Workflow already lets you serve several workflows from one endpoint with serveMany. In the demo we wrapped it in a small SDK, defineAgent and serveAgents, so a multi-agent system reads like configuration.

You define each agent with its input schema and the agents it may delegate to:

const researcher = defineAgent({
  name: "researcher",
  description: "Gathers key facts about a topic.",
  input: z.object({ topic: z.string() }),
  background: "You are a thorough research assistant…",
});
 
const writer = defineAgent({
  name: "writer",
  description: "Turns research notes into polished prose.",
  input: z.object({ brief: z.string() }),
  background: "You are a skilled writer…",
});
 
const orchestrator = defineAgent({
  name: "orchestrator",
  description: "Coordinates research and writing.",
  input: z.object({ request: z.string() }),
  background: "Delegate to the researcher, then the writer…",
  subagents: [researcher, writer], // become typed context.invoke tools
});

defineAgent wraps createWorkflow and the agents runtime, and it turns each entry in subagents into a tool that delegates through context.invoke. You then serve all of them from one route:

export const { POST, trigger } = serveAgents({
  baseUrl: "https://your-app.com/api/agents",
  agents: [orchestrator, researcher, writer],
});

One serveAgents call gives you a single endpoint where each agent is addressable by name and agents can invoke each other.
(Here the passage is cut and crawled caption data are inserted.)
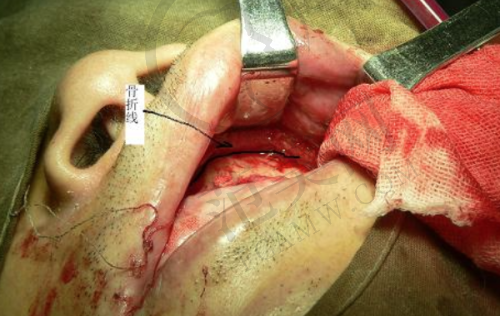 重庆附近哪家做瑞士士卓曼Straumann医院好——重庆团圆口腔医院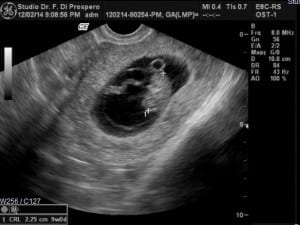 embryo-at-9-weeks-pregnant
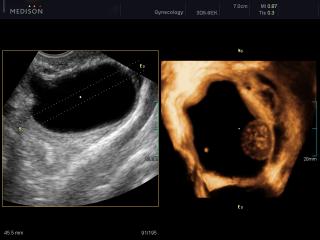 Ovarian mass, OVIX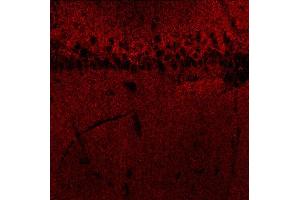 Immunohistochemistry (IHC) image for anti-gamma-aminobutyric Acid (GABA) A Receptor, beta 3 (GABRB3) (AA 344-429) antibody (ABIN1742465)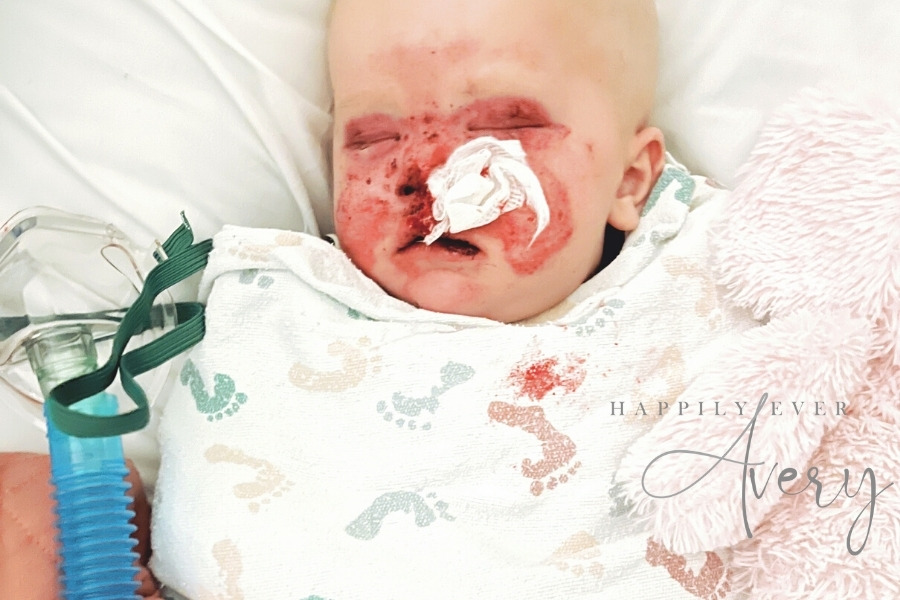 bmt day +18 urgent prayer request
It is what serveMany already does, written in terms of agents.

A type-safe trigger

You normally start a workflow with client.trigger, which takes a URL and an untyped body. Nothing stops you from triggering the wrong route or sending the wrong shape.

serveAgents returns a trigger function that closes that gap. It accepts only known agent names, and it validates the input against that agent's Zod schema, at compile time and again at runtime, before dispatching:

// name is checked, { request } is validated against the orchestrator's schema
const { workflowRunId } = await trigger("orchestrator", {
  request: "Explain why the sky is blue.",
});
 
// caught at compile time: unknown agent and wrong input shape
await trigger("orchstrator", { topik: "..." });

The same schema guards both ends. The caller validates before sending, and the agent validates the payload it receives.

Watching it run

A long agent run is opaque while it happens, so the demo streams it. Each agent's plan, tool calls, and final answer show up in the browser as they run.
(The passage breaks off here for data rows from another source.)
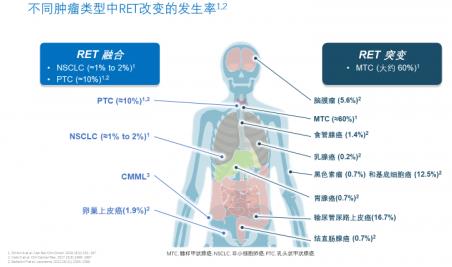 两个月咳出肿瘤组织，高响应率非小细胞肺癌靶向药将改变患者命运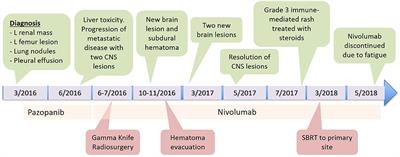 Radiation and Checkpoint Inhibitor Immunotherapy Lead to Long Term Disease Control in a Metastatic RCC patient With Brain Metastases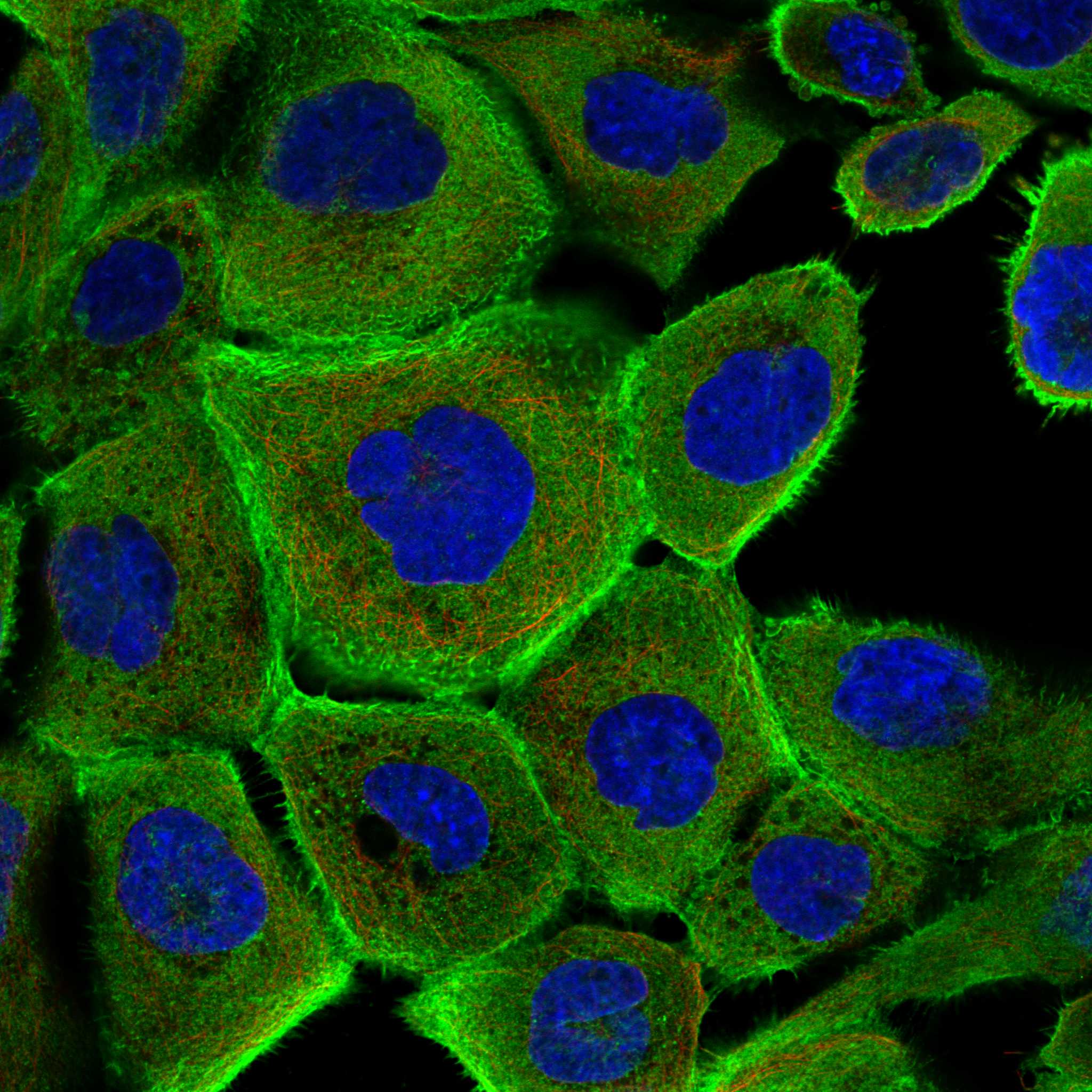 LIMA1 fluorescence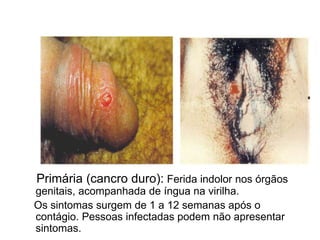 Primária (cancro duro): Ferida indolor nos órgãos
genitais, acompanhada de íngua na virilha.
Os sintomas surgem de 1 a 12 semanas após o
contágio. Pessoas infectadas podem não apresentar
sintomas.
Sífilis
 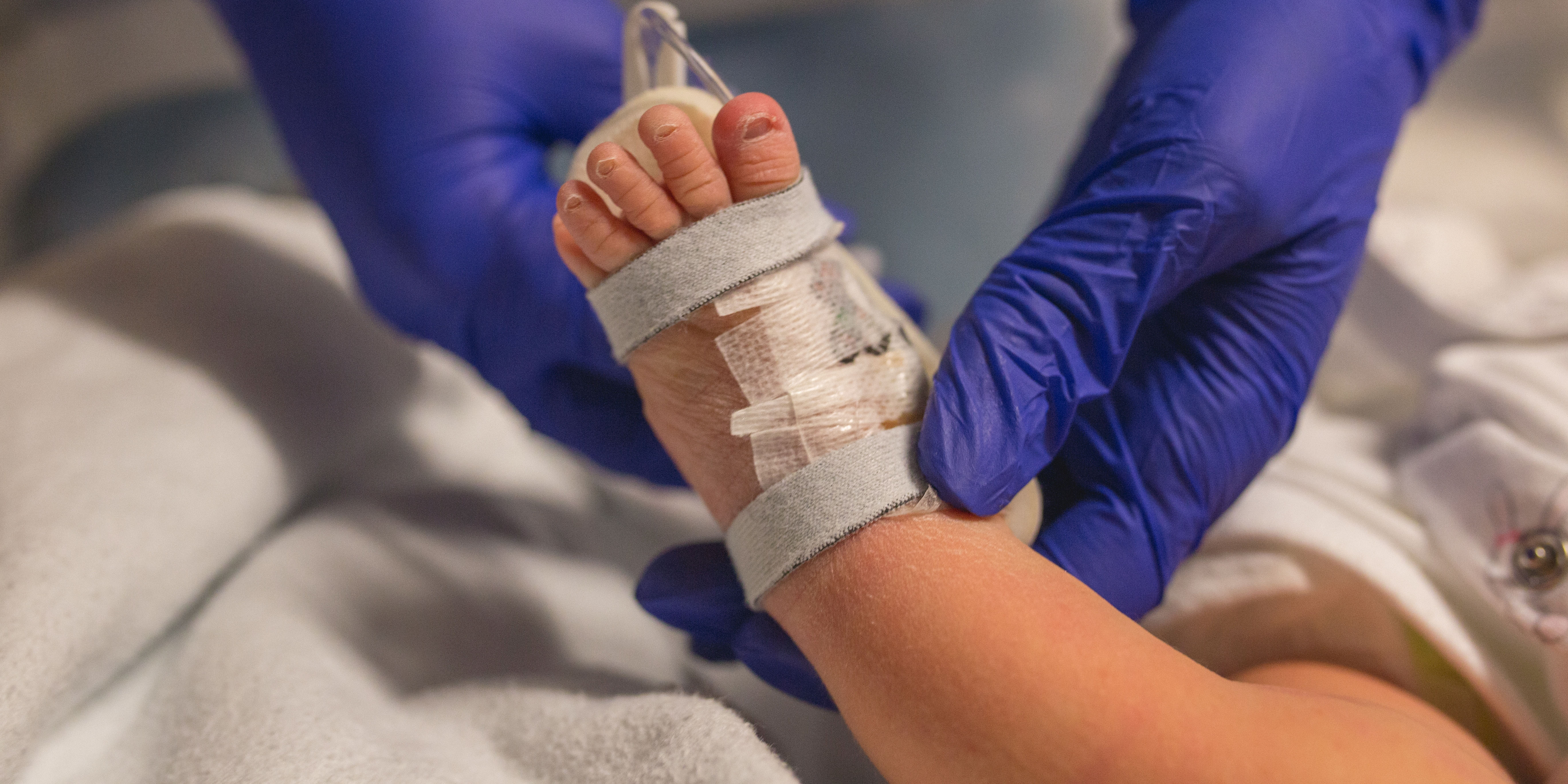 Pediatric Sepsis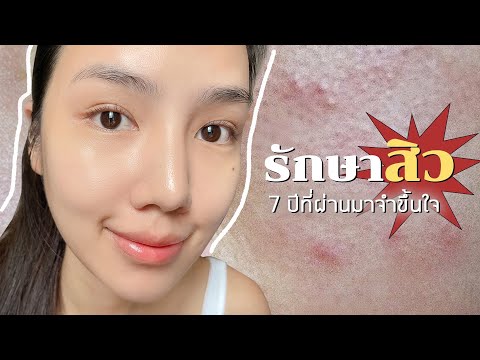รักษาสิวด้วยตัวเอง-และเรื่องรา รักษาสิวด้วยตัวเอง-และเรื่องรา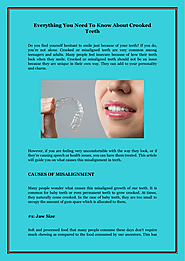 Everything You Need To Know About Crooked Teeth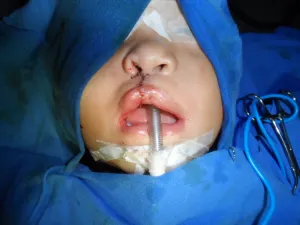 Realizarán en Puebla valoraciones para operar labio/palar hendido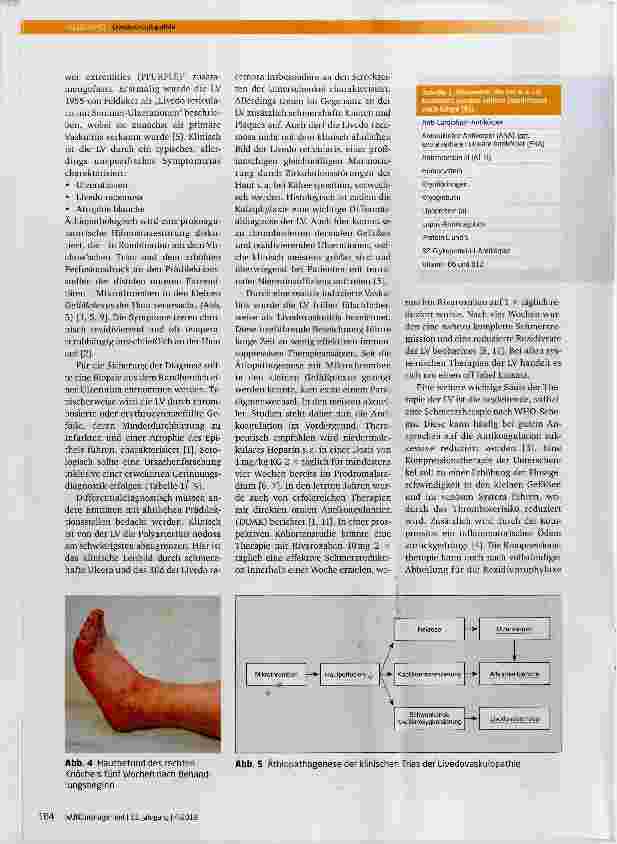 Vorschauseite 3: Erstdiagnose einer Livedovaskulopathie nach 40 Jahren und erfolgreiche Therapie mit niedermolekularem Heparin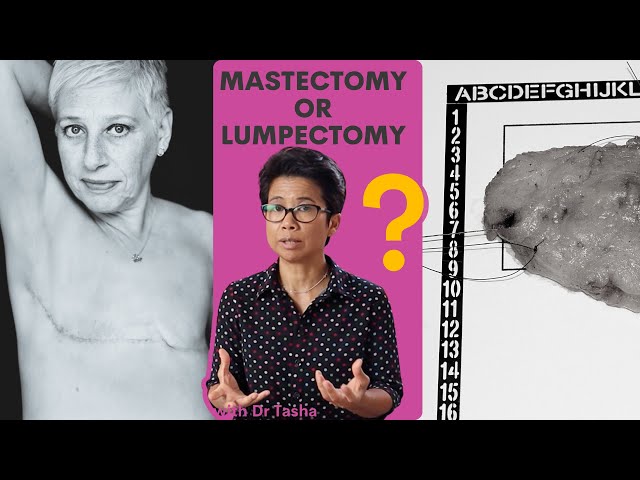 Mastectomy or lumpectomy? With Dr Tasha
Live multi-agent run in the demo app

This view comes from Upstash Realtime, backed by Upstash Redis. A built-in log tool lets each agent post short notes, and a workflow middleware emits start, step, and finish events (see the Workflow + Realtime guide). Both go to a channel named after the run id, so every agent shares one feed. Realtime keeps the events in Redis streams and pushes them to the browser over SSE, where a typed useRealtime hook renders them as they arrive. The UI is in the example app.

What's next

defineAgent and serveAgents live in the example repo for now. They are a thin layer over @upstash/workflow-agents and serveMany that you can copy into your own app today. They also point at two changes we are considering: an agent-oriented API in the workflow-agents package, and the type-safe trigger pattern in the core Workflow package, so that client.trigger and serveMany get the same checks.